16/09/2025
Allpa Marka – La Razón de la Tierra
Columna de Tino Santander Joo
El mítico lago Titicaca
La primera vez que viajé a Puno fue hace cincuenta años. Recuerdo a mi padre llevándome apresuradamente por las callejuelas del Cusco hasta la estación de San Pedro, en Cascaparo. Estaba emocionado: iba a abordar el tren que me llevaría al altiplano y al mítico lago Titicaca, de donde, según Garcilaso de la Vega, surgieron Manco Cápac y Mama Ocllo, enviados por el dios Inti. El primero llevaba una vara de oro destinada a señalar el lugar donde se fundaría su pueblo: el Cusco.
El tren dejó atrás la ciudad imperial y, mientras recordaba mis lecturas obligatorias de los Comentarios Reales, veía cómo el sol iluminaba chacras de maíz vigiladas por los Apus. Atravesamos Oropesa, tierra del pan chuta; más adelante apareció Andahuaylillas, con su famosa capilla barroca pintada por manos indígenas. Luego, Urcos, cuya laguna guarda, según la leyenda, el ídolo de oro de Wiracocha.
Llegamos a Sicuani, segunda ciudad del Cusco, entonces habitada mayoritariamente por quechua hablantes y marcada por los ayllus y la comunidad campesina. En Maranganí, mi padre me habló de sus fábricas textiles y del sindicalismo cusqueño. Después, el tren trepó lentamente hasta La Raya, a 4,319 m s. n. m., donde los turistas extranjeros se maravillaban con los nevados, bofedales y rebaños de alpacas. En Ayaviri, las vendedoras abordaron el tren con su kankacho: lo saboreamos como un verdadero manjar.

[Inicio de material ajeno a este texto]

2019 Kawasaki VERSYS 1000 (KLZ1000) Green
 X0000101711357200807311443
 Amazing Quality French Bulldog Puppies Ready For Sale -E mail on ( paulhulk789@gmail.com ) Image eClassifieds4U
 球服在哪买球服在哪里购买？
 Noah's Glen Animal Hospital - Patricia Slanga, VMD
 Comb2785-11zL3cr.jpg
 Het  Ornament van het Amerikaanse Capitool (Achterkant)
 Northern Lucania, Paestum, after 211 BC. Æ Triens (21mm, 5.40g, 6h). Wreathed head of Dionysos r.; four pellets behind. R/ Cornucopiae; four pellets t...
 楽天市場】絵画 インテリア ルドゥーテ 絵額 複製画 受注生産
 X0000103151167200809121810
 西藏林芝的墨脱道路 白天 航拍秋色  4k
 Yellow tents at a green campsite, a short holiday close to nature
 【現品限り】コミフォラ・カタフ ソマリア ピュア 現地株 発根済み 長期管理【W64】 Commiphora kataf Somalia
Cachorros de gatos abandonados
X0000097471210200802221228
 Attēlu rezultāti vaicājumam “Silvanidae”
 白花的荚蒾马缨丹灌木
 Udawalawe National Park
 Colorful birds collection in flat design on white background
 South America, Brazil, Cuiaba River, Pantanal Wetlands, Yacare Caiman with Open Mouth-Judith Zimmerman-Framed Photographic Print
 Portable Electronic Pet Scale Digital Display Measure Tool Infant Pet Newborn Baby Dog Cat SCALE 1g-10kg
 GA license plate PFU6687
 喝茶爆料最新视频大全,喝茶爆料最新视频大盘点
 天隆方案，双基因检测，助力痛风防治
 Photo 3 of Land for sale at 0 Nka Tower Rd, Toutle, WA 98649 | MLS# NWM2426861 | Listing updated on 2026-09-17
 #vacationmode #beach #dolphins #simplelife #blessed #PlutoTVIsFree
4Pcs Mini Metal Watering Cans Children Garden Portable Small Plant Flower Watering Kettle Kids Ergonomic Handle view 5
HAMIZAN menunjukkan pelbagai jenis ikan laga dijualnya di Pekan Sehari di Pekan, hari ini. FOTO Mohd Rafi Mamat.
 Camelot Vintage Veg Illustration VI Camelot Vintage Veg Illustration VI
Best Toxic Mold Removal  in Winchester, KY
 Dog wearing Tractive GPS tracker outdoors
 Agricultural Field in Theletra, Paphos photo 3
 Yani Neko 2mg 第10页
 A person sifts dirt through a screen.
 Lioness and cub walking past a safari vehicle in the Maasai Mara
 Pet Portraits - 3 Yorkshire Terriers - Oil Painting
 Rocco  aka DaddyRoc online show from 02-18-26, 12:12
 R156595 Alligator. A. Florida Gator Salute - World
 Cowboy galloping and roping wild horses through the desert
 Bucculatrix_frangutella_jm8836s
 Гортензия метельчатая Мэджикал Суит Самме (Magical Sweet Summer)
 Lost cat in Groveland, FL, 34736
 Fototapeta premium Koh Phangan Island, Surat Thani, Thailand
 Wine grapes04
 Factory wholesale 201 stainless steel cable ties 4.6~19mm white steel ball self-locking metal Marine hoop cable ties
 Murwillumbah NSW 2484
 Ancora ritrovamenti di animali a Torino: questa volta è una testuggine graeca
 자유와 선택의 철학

En Pucará aparecieron los toritos que adornaban y protegían los hogares. Luego, Juliaca, que a mis ojos de niño era un mercado interminable. Mi padre sentenció: “Juliaca no es un pueblo, es un mercado”, y la vida me confirmó sus palabras.
Finalmente, el lago: inmenso, azul, suspendido entre el cielo y la tierra. Sentí frío y silencio, apenas roto por el viento y el silbido del tren. Fue como un rito de iniciación: el encuentro con un paisaje sagrado cuya belleza solo he vuelto a encontrar en las estepas infinitas de Siberia.